Entrepreneur choice LLC or Corporation

loanuniverseloanuniverse Posts: 1subscriber
Entrepreneurs based on the United States often get confused when it comes to deciding how to do business. Because of issues of liability, it is recommended that one does business under a business entity, but then comes the choice between an LLC and a Corporation. Coming from a business/banking background I might be able to give you some ideas as to which way you can go. Ultimately if you want tailored advice, you should pay a professional {attorney and accountant}, but in most cases that is not needed. To make your decision, you need to take the following into consideration: 1- Costs: Both corporations and LLCs are entities that are formed at the state level.
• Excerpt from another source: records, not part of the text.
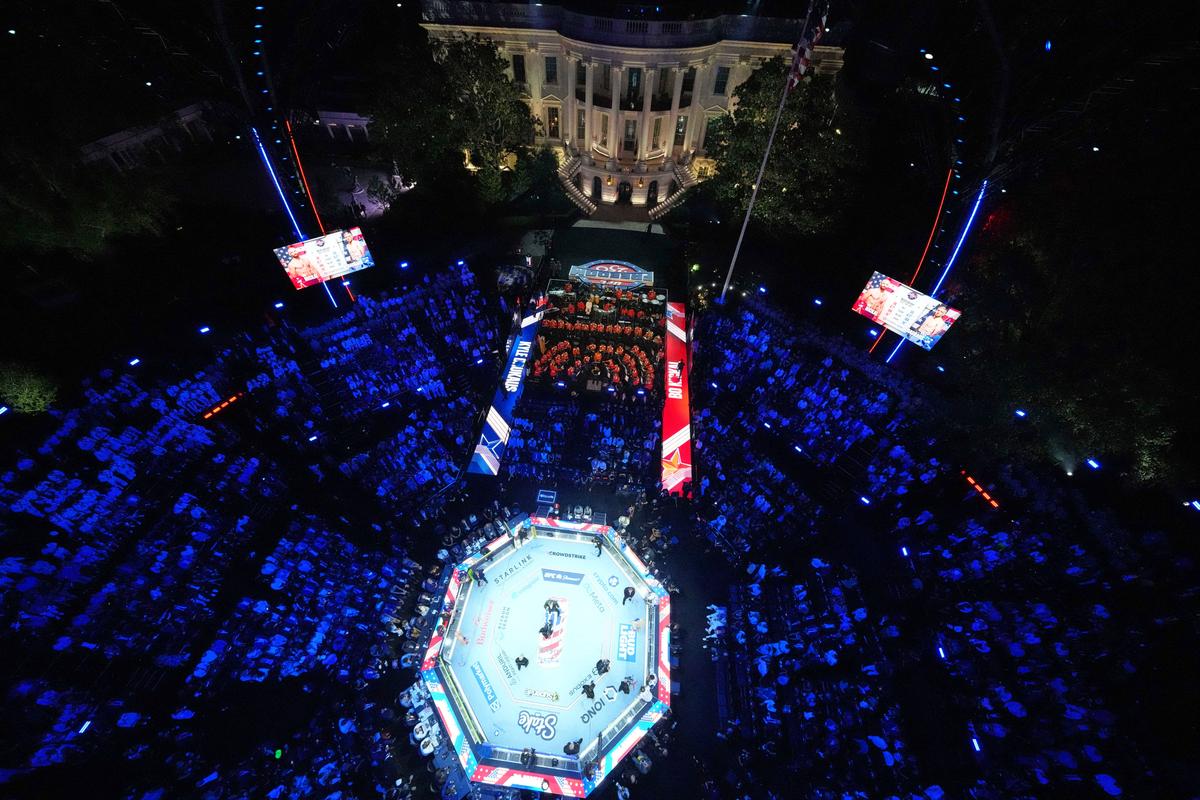 Donald Trump a intrat în cușcă » Imagini suprarealiste de la Casa Albă, la UFC 250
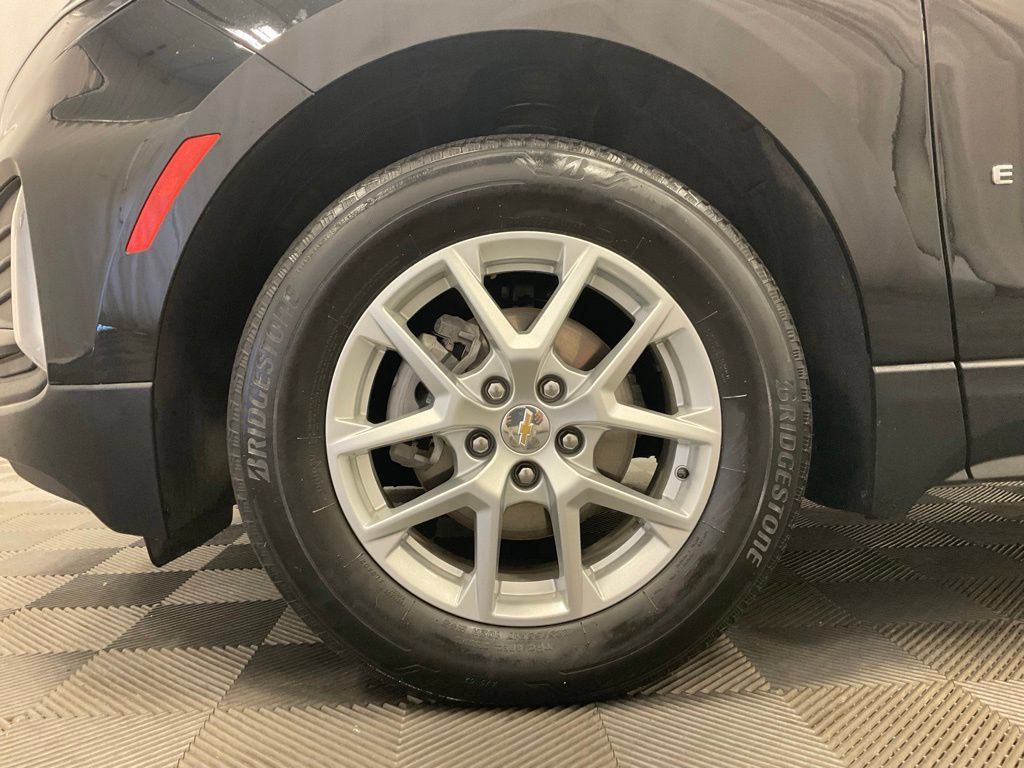 Used 2023 Chevrolet Equinox LT AWD/4WD image 13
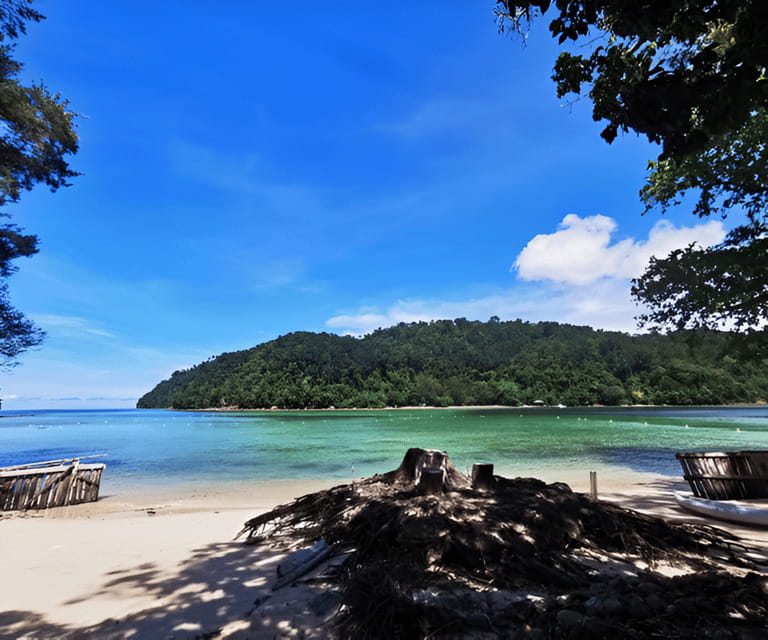 Sabah: Manukan and Sapi Islands Excursion Ticket - Manukan Island: the first long beach stop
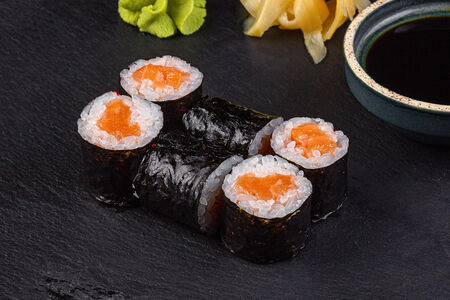 Ролл с лососем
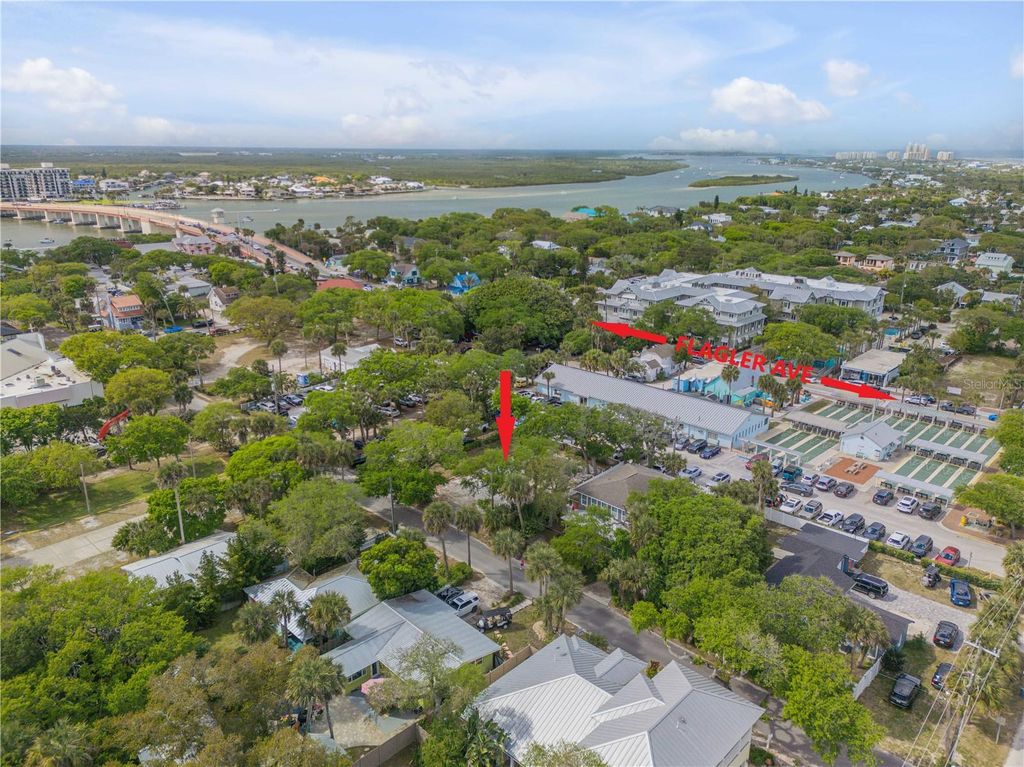 Image 17 of property listing at 214 COLUMBUS AVENUE, New Smyrna Beach, FL 32169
This means that we have 50 different set of fees and taxes that apply to them. I would start by finding out what the fees are for organizing an LLC and for incorporating in your state. In my case, an LLC was significantly cheaper, and the annual fee was cheaper so that was a factor in my decision. You also need to find out about how your state taxes LLCs and Corporations, that could be different so you got to take it into account. 2- Are you going to be the only owner of the company? Did you know that a single member LLC can file federal taxes as an attachment to your own personal tax return? Another thing to consider as it might save you some money every year. 3- I am sure someone will say, well you need to be a corporation to go public. My answer would be if your business is large enough to go public, you are large enough to pay an attorney to create a corporation that swallows your LLC so that it can go public. 4-A corporation can be set up as a pass through entity for taxes {taxes paid by the individual owners} just like an LLC by choosing to be treated as a Subchapter-S Corp. There are some limitations about the maximum number of owners, but if you have that many owners {75 I believe} you can pay for attorney to give you advice and not ask in a forum. At the end of the day doing one or the other is a very simple process. Keep the articles of incorporation/organization simple and minimal specially if you do not have any other investors or partners, and good luck.